Obrigo-me a desligar o rádio, o silêncio súbito orvalha a noite e ascende à abóbada escura que encima o horizonte. Quanto mais o circense barulho me veste no dia, mais a noite se acomete ao meu regaço, passando-me a mão pelo ombro e convidando-me a erguer o meu zénite. A estrada e seus afluentes, os quais rapidamente perscruto enquanto conduzo, descoloriram-me a íris. Por entre um outro minuto, uma saca de dióspiros coroa a tarde na sua indumentária real e um desejo sincero de felizes festas traduz ainda o que sobra da natividade. O desenfreado galopar movendo pernas apressadas, aprisionadas, percorrem galerias que vendem tudo o que não preciso. Talvez por tudo não querer, tudo me saiba a ter o nada que tanta falta me faz, a inexistente alva veste, cujos padrões coloro com dedos finos, rechonchudos, gretados e infantis, que já não possuo. Aguardo as vésperas da véspera do Teu aniversário. Tal como criança, olhando o estrelado horizonte ascendido, quando te cantava os parabéns e sorria com o fumo singelo que via sair das chaminés que pareciam nublar a noite para te aquecer na manjedoura, onde quer que estivesses. (agora a sério, onde estás?) Como ficava surpreendido quando conseguias fazer passar pela estreita chaminé a lanterna que timidamente pedira aos meus pais e colocaras dentro da minha bota ortopédica. Sempre pensei que ma desses porque gostavas da simbiose: quando não chovia eu vinha cá fora, com a lanterna em punho, fazer-te sinais de luz (obrigado pela tua). Sorrio, agora, talvez como antes. A inocência alavanca o eixo que nos permite, com uma certa incolumidade, permanecer por aqui mais umas rondas ao astro. 

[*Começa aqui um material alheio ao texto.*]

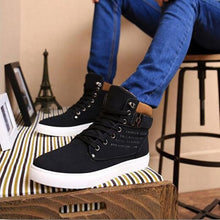 Load image into Gallery viewer, Dwayne Men&#39;s vulcanized shoes Spring/Autumn Men shoes High quality frosted suede casual shoes 789
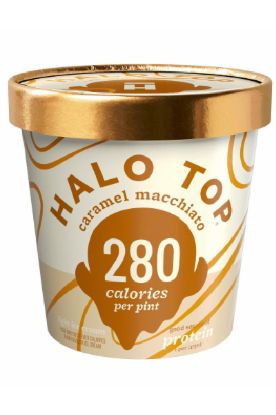 Picture of Halo Top Pints Caramel Macchiato 16 Oz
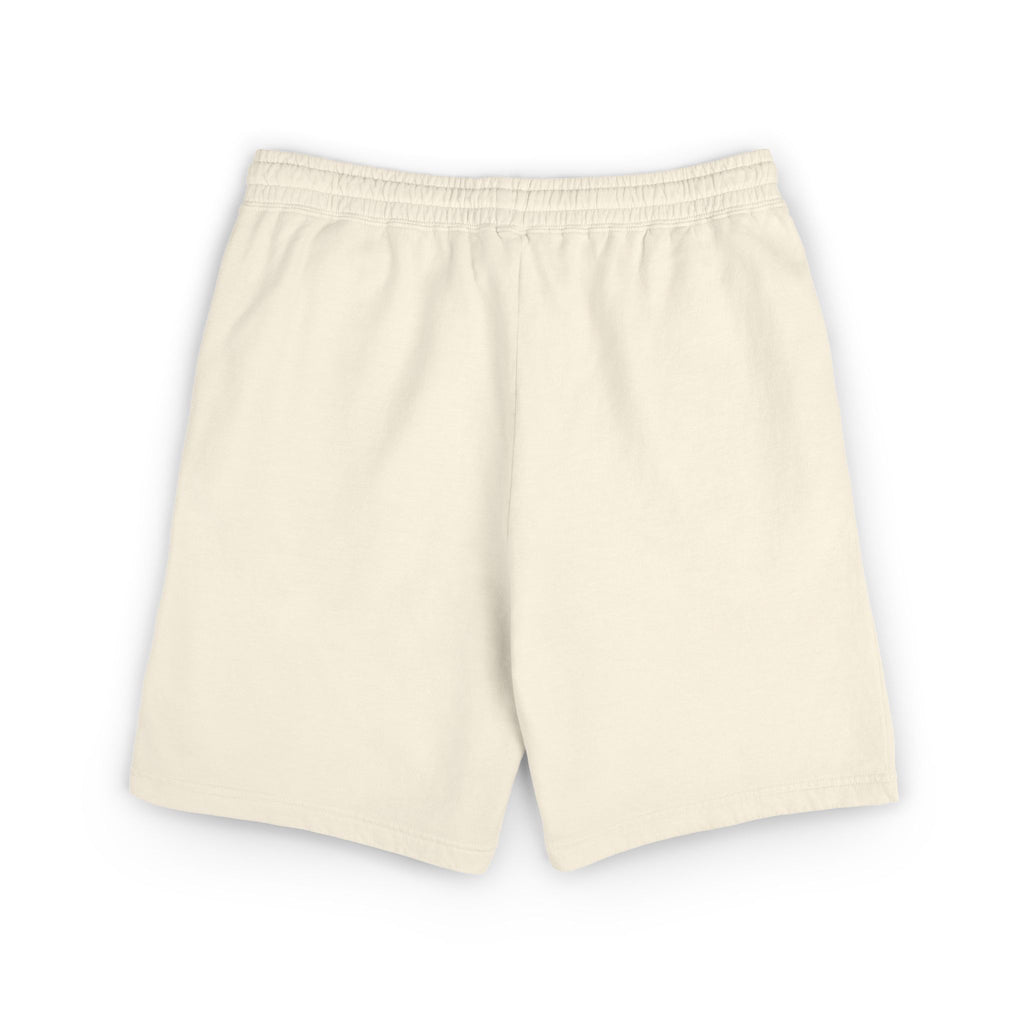 Stop Hate and Racism Fleece Sweat Shorts — Garment-Dyed Lightweight Lounge Shorts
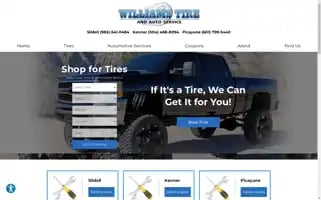 Williamstirecompany.com Screenshot 2024-05-15 03:28:02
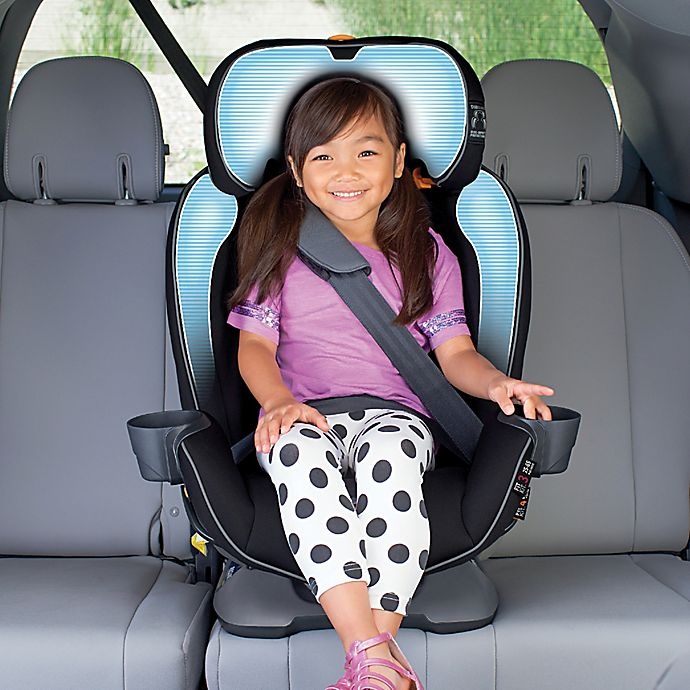 slide 6 of 10, Chicco Fit4 4-in-1 Convertible Car Seat - Stratosphere, 1 ct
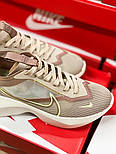 Жіночі кросівки Nike Vista Lite Beige бежеві літні у сітку. Живе фото. топ, фото 8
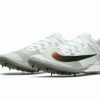 * Nike Uni Zoom Victory 5 Xc (100- White/Atmosphere-Grey) Footwear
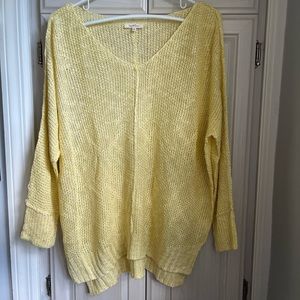 Pretty yellow. Worn once.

Com o rádio desligado, a porta do carro aberta, o orvalho a marear-me a cabeça capilarmente desprovida, as gotículas de saudade das memórias que me constroem encontraram pouso calmo. Volto a atenção para este mundo e vejo outra porta metálica semi-aberta, o cheiro a madeira lixada, o pousar de um grampo metálico no chão, a solenidade de um pai, qualquer um, mesmo sendo mãe, na missão de construir presentes que serão entregues em forma de escrivaninha, comprada no esforço prestacional de uma taxa de juro que, juro, vale por ser apalavrada com um rectangular pedaço de cartão e um firme aperto de mão. Talvez pelo frio, arrepia-se a mim a saudade do nada, quando sem faustas luzes, mas em cintilo superior, cá dentro e no exterior, galgava os degraus depois de fechada a porta da carrinha, sacudia as mãos de serrim nas calças, olhava feliz (sem que o soubesse) para o lado e seguíamos a entregar móveis, a receber sorrisos, sacas de tronchudas, um ou outro nabo, a pequena moeda desprovida de valor por me ser dada com amor, a garrafa de Velhotes e o despreparado travo, tudo cabendo num colorido cabaz de sortes. O sortido viria depois, o sobejo do aniversário, as pratas coloridas libertas da tarefa de envolver as raras baunilhas envolviam pinhas e enfeitavam o presépio sobre musgo erigido. Não me sobram pratas, ao contrário das memórias que me vestem, tento amortalhar tudo no tamanho de uma folha de papel, em forma de crónica de uma vida (quantas terei acumulado, já?), mas de crónica apenas a festividade, o acordar lesto no dia o desejo que nunca se apagasse a chama que em mim ardia, este bafejo de uma tarde vespertina, o advento que sopra a quem de si se desatina, uma pérola que nos ofusca sem brilho ou luz, um puto nascido sem nome ou outro, a quem chamam Jesus. 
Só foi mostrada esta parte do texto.